Source : La publication scientifique


Un livre sur une découverte majeure

Le site de Göbekli Tepe est exceptionnel : c’est le premier monument de l’histoire de l’humanité : il a été bâti il y a 12 000 ans, bien avant les menhirs et dolmens, avant l’apparition de l’agriculture et de l’élevage, des civilisations, de l’écriture, etc. Bref, il est unique en son genre.

Le livre évoquant sa découverte, « Le premier temple » paraît pour la première fois en français. Son auteur, Klaus Schmidt, est le principal archéologue qui a découvert en 1994 et étudié ce site dans l’est de la Turquie. Disparu prématurément il y a un an, il laisse ce précieux témoignage, dont il avait rédigé une première version allemande en 2007, plusieurs fois réactualisée.

Göbekli Tepe se compose notamment d’étranges et massives stèles en forme de T, sur lesquelles sont sculptés des animaux sauvages : serpents, aurochs, araignées, renards, sangliers, fauves… Elles sont disposées en cercles ou en demi-lune, et entourées d’enceintes en pierres. L’ouvrage fait le récit des découvertes faites dans ce site très riche, tout en les replaçant dans le contexte de la région (et notamment Nevalı Çori, un site turc plus récent aujourd’hui sous les eaux d’un barrage, qui présente beaucoup de similitudes avec Göbekli Tepe).
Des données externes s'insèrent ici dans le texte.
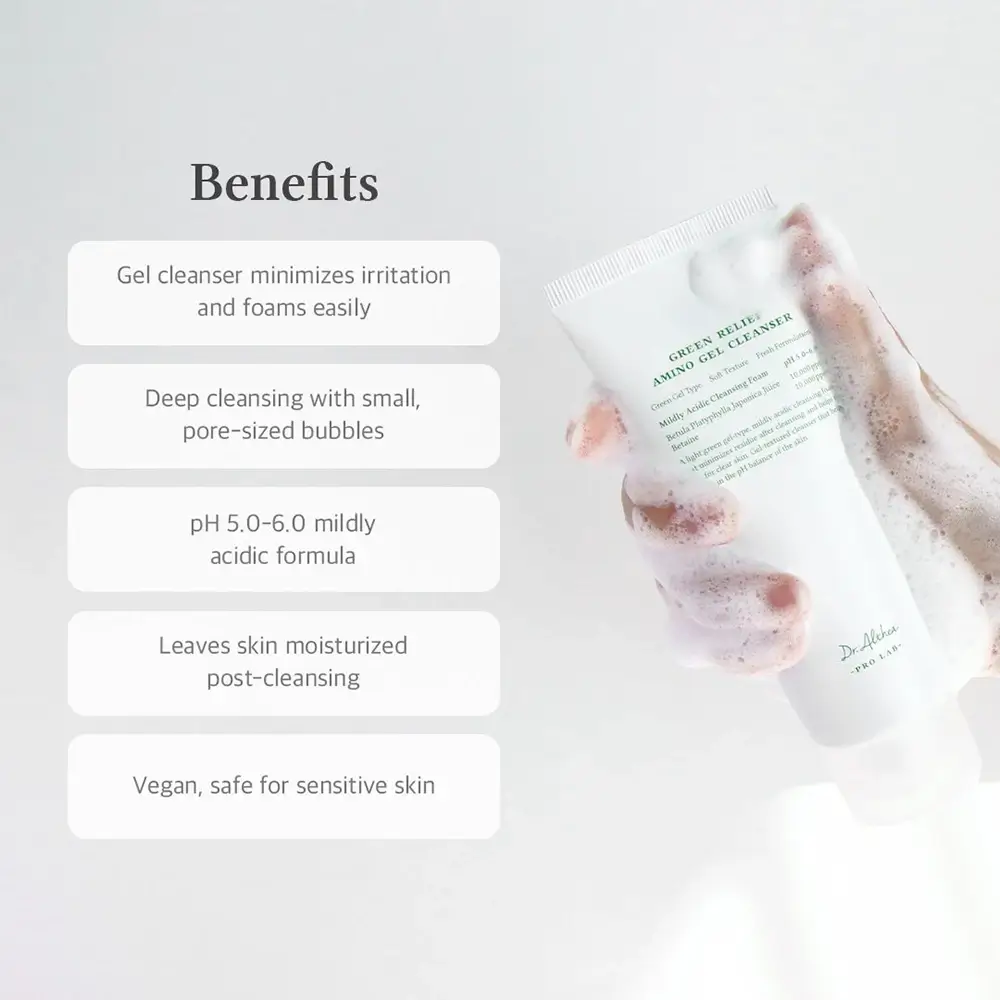 Dr. Althea Green Relief Gel de curatare faciala cu aminoacizi - Curatare delicata si hidratare intensa, 100 ml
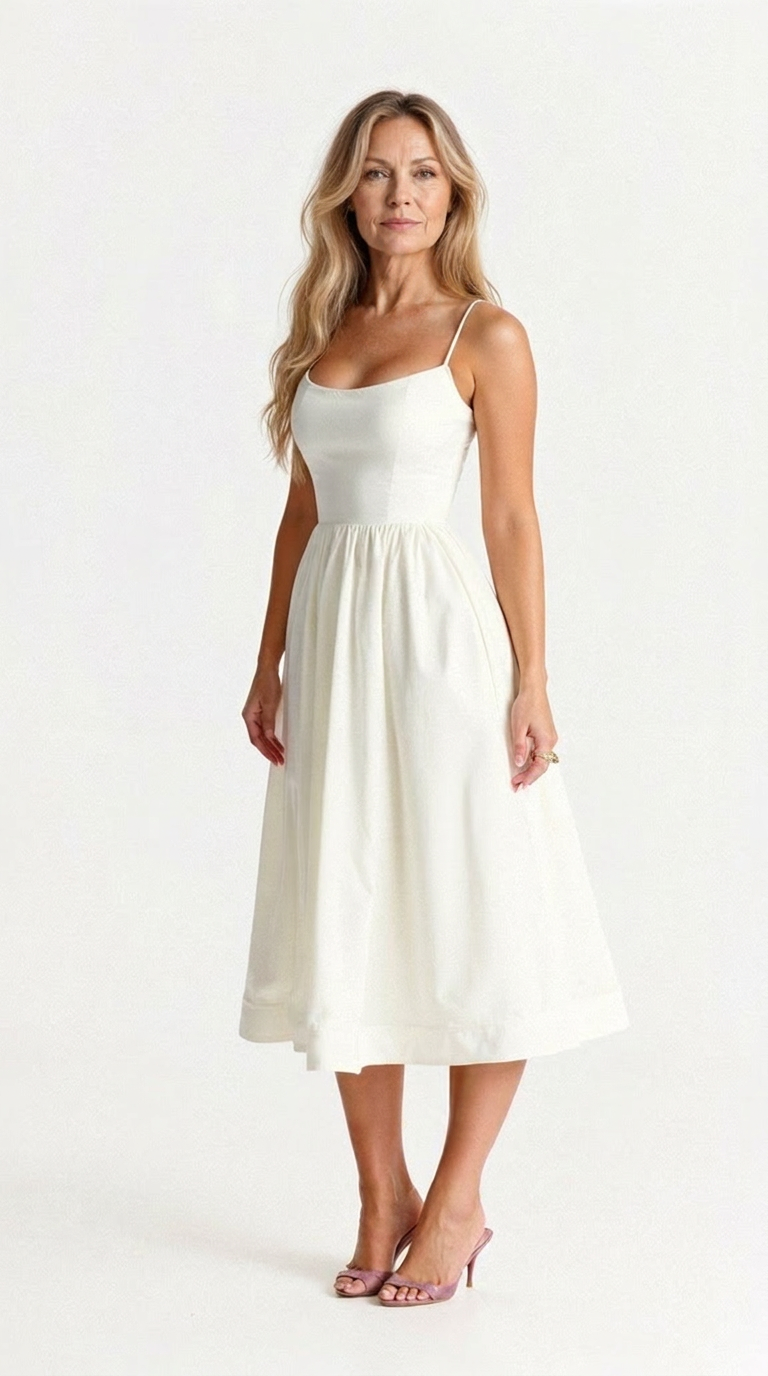 Womens Elegant A-Line Summer Dress | Flattering Spaghetti Strap Midi Dress 1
Source : Service de presse


Pas de chien dans la grotte Chauvet

Un enfant accompagné de son chien a-t-il foulé le sol de la grotte Chauvet, il y a vingt six mille ans ? La scène était tentante pour les premiers scientifiques qui découvrirent des empreintes dans le sol d’une des plus anciennes et des plus imposantes grottes de peintures préhistoriques, située dans l’Ardèche. Mais l’animal serait plutôt un loup, ou un dhole (un genre de lycaon qui vit aujourd’hui essentiellement en Asie), selon une première analyse de deux chercheuses françaises. Et rien ne prouvait, de toute façon, qu’il ait trottiné en même temps que l’enfant, car leurs traces ne sont pas parallèles ni ne se recoupent.

La présence d’un chien à une époque aussi ancienne est loin d’aller de soi. Car si certains chercheurs défendent depuis quelques années l’apparition du chien justement à partir d’il y a trente mille ans − issu de la domestication de loups − un grand nombre de leurs collègues restent sceptiques. Ils estiment que les preuves vraiment tangibles et abondantes de la première domestication de l’histoire de l’humanité, arrivent bien plus tard, il y a environ quinze mille ans.

Il n’empêche que la visite de cet enfant − seul ? − dans cette immense cathédrale minérale, découvrant à la lueur de sa torche les animaux dessinés plusieurs milliers d’années auparavant, a de quoi interroger.

Source :**publication scientifique : ** L. Ledoux et M. Boudadi-Maligne, Journal of Archaeological Science, 61, 25‑35, 2015.